Officially Official: 2013 Kawasaki Z800 2013 Kawasaki Z800 02 635x422

If we had to summarize Kawasaki’s new model philosophy, it would have to be with the old tuner’s phrase that “there is no replacement for displacement.” Bumping the 2013 Kawasaki Ninja ZX-6R from 599cc back to its odd 636cc figure from 2003-2006, Team Green has also trumped the quarter-liter market with the debut of the 2013 Kawasaki Ninja 300, a peppier clone of the Kawasaki Ninja 250R world-model that debuted last month (it looks like North American will have to make do with the mundane and carb’d version of the Ninja 250R, sad trombone).

While we expect to see a bevy of new Kawasaki’s later next week, one bike we don’t expect to see is the 2013 Kawasaki Z800, which just officially debuted in Europe. We were on vacation when some Thai readers leaked the first images of the Kawasaki Z800 in our comments section, luckily other publications read our site and picked up the story. You have probably already seen the photos, but just in case they are in a gallery after the jump.

Kawasaki isn’t saying too much officially, beyond the usual hyperbole of course, but it is obvious that the 2013 Kawasaki Z800 is a punched out version of the Kawasaki Z750 (a model we don’t get here in North America). Basically a 806cc version of the 748cc inline-four model, with virtually the same bodywork, Kawasaki is quoting more torque and horsepower from the Z800, but isn’t tipping any actual numbers just yet.

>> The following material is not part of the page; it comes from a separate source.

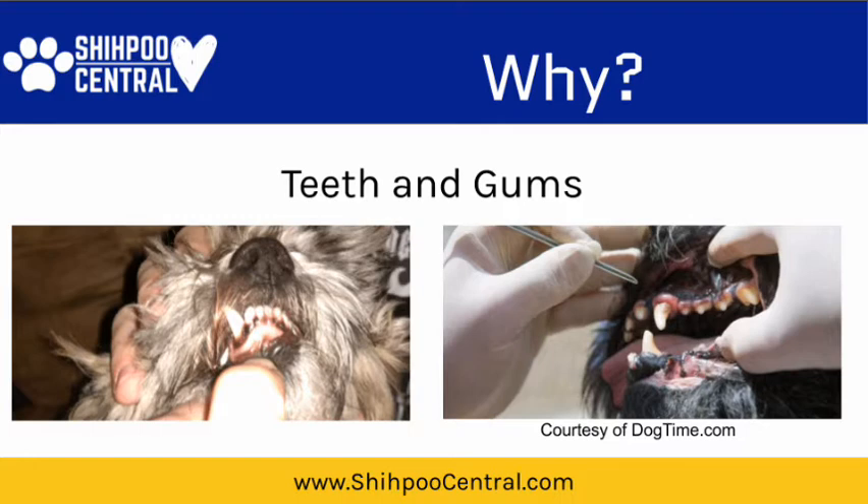The color of the gums is not necessarily concerning. When it comes to the gums, you want to look for bumps. If you feel along their gum line and you feel a cyst, talk to your veterinarian. Also look for swollen gums. You can see on the right-hand side, that puppy's teeth are coming out of very swollen gums. That's got to be pretty painful, and you do not want your dog ever to get to that point.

Creeping in on the terrain of the Kawasaki Z1000, it will be interesting to see whether Kawasaki follow’s Yamaha’s example, and deems the 800cc & 1,000cc models different enough to bring them both to North America together (e.g. Yamaha FZ8 & Yamaha FZ1), or if the Kawasaki Z800 remains a strictly European affair.

Expect the full details of the 2013 Kawasaki Z800 to hit the interwebs by October 2nd, or earlier if we have our say in it.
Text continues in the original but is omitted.